Astronomers believe that these systems don’t experience outbursts because the transfer of mass through the accretion disk happens at a mostly stable rate. This rate of transfer is, however, high compared to other CV systems — meaning that the resulting accretion disk is very bright.

SW Sextantis stars

The variables with the highest rate of accretion disk transfer, SW Sextantis stars display many unusual properties. For example, these stars are edge-on systems. Due to their orientation in space, we see them from the side. 

In a normal edge-on CV system, you see double-peaked emission lines. This is because the gas in one half of the disk is moving towards you, causing it to be blue-shifted, while another is moving away from you, causing it to be red-shifted.

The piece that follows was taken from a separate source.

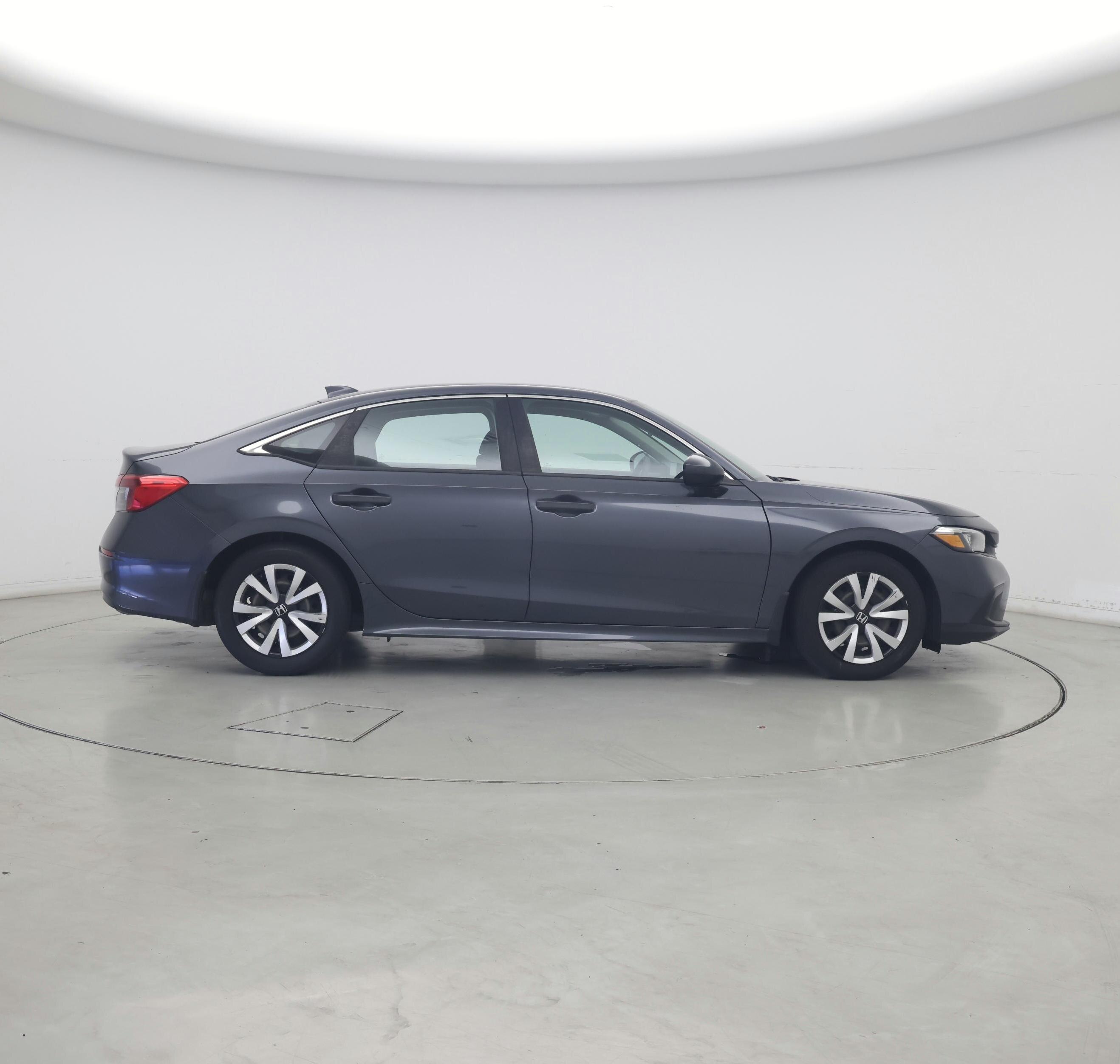 Thumbnail: 2023 Honda Civic - 7
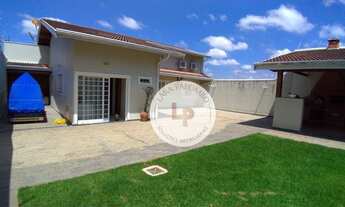 Imagem: Casa com 3 dormitórios à venda, 213 m²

SW Sextantis stars, however, show single-peaked emissions lines.

Magnetic CVs

In some cases, the white dwarf in a cataclysmic variable system has a powerful magnetic field. This field disrupts the ionized matter which would normally form the accretion disk. Because the matter is ionized, it can’t cross gravitational field lines, and is instead forced to spin around them.

As a result, the gas from the donor star is threaded onto the lines of the white dwarf’s gravitational field. Then, it streams directly towards the dwarf’s magnetic poles. 

The small accretion regions generated at the poles of the white dwarf are not as large or bright as the typical accretion disk, but they can still generate a large portion of the CV system’s overall light. 

These accretion regions also generate significant X-ray emissions. X-ray satellites can detect these emissions — allowing scientists to pinpoint new magnetic CV systems.

Types of Magnetic CVs

In some magnetic CV systems, called polar systems, the white dwarf’s magnetic field is so strong that no accretion disk can form. Polar systems allow scientists to observe interactions between high-density plasmas and extremely strong magnetic fields.

Another distinctive feature of these systems is that the light they produce is both linearly and circularly polarized. This is how they get their name “polar systems” since the light produced is unlike natural light.

Scientists believe that the white dwarfs in intermediate polar systems may have weaker magnetic fields than the white dwarfs in traditional polar CV systems. 

The weaker magnetic fields allow an accretion disk to form, unlike in polar systems. However, the magnetic field of the white dwarf still interrupts the disk, creating a gap between the inner edge of the disk and the white dwarf.

Some scientists believe that intermediate polars may eventually evolve into polars as the donor shrinks and the distance between the two stars becomes smaller. Over time, as the stars get closer, the accretion disk may diminish in size until it disappears.

What We May Learn About Cataclysmic Variables

Cataclysmic variables are a highly diverse group of binary star systems. They’re instantly identifiable by their combination of a red dwarf, white dwarf and (typically) a bright accretion disk. 

All systems involve a donor star and a white dwarf, but the specifics of the system can vary significantly. CVs in which the white dwarf has a strong magnetic field can have extremely unusual properties. 

Scientists are also discovering new CVs all the time. Scientists have already identified several types of CVs have already been identified — including novae, dwarf novae and polar systems. The discovery of additional CVs may prompt scientists to create new CV categories.